[DIRECTIONS FOR THIS TASK]: Given the listing below, write out exactly the lines starting with the line that has "Apartment - 2" and going on through the line that has "陳時中指揮官視察三重果菜市場 圖： 中央流行疫情指揮中心/提供", both kept.

[GIVEN RECORDS]:

· · ·

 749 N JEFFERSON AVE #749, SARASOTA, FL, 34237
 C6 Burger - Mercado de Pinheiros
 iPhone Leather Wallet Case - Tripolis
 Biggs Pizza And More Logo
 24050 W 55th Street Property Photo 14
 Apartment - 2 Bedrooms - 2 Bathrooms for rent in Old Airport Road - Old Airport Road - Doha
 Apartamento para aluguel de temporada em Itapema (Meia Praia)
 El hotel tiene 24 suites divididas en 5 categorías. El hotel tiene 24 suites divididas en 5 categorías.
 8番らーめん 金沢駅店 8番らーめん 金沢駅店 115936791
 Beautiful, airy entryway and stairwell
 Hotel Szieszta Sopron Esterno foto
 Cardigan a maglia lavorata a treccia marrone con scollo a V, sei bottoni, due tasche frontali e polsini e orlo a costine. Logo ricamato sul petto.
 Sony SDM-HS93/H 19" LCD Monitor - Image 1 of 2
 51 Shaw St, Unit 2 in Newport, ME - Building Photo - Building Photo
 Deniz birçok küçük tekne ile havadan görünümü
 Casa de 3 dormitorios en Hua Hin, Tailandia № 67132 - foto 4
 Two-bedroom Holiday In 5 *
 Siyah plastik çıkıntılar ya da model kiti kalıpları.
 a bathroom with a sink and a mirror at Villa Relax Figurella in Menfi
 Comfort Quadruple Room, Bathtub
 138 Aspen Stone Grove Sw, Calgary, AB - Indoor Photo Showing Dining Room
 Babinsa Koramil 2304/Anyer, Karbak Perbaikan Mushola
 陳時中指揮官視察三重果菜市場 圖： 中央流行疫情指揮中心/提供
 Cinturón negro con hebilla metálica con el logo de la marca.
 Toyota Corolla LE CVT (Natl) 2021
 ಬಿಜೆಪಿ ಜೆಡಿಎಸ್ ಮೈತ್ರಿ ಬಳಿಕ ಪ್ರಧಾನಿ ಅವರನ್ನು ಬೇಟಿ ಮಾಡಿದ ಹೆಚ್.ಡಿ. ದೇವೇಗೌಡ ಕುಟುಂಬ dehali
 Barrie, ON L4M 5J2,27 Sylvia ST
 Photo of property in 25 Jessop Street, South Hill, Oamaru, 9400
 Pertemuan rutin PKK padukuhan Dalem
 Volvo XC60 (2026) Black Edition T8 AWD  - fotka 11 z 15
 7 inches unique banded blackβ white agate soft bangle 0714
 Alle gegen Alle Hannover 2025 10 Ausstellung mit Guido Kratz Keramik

· · ·

[RESULT]:
 Apartment - 2 Bedrooms - 2 Bathrooms for rent in Old Airport Road - Old Airport Road - Doha
 Apartamento para aluguel de temporada em Itapema (Meia Praia)
 El hotel tiene 24 suites divididas en 5 categorías. El hotel tiene 24 suites divididas en 5 categorías.
 8番らーめん 金沢駅店 8番らーめん 金沢駅店 115936791
 Beautiful, airy entryway and stairwell
 Hotel Szieszta Sopron Esterno foto
 Cardigan a maglia lavorata a treccia marrone con scollo a V, sei bottoni, due tasche frontali e polsini e orlo a costine. Logo ricamato sul petto.
 Sony SDM-HS93/H 19" LCD Monitor - Image 1 of 2
 51 Shaw St, Unit 2 in Newport, ME - Building Photo - Building Photo
 Deniz birçok küçük tekne ile havadan görünümü
 Casa de 3 dormitorios en Hua Hin, Tailandia № 67132 - foto 4
 Two-bedroom Holiday In 5 *
 Siyah plastik çıkıntılar ya da model kiti kalıpları.
 a bathroom with a sink and a mirror at Villa Relax Figurella in Menfi
 Comfort Quadruple Room, Bathtub
 138 Aspen Stone Grove Sw, Calgary, AB - Indoor Photo Showing Dining Room
 Babinsa Koramil 2304/Anyer, Karbak Perbaikan Mushola
 陳時中指揮官視察三重果菜市場 圖： 中央流行疫情指揮中心/提供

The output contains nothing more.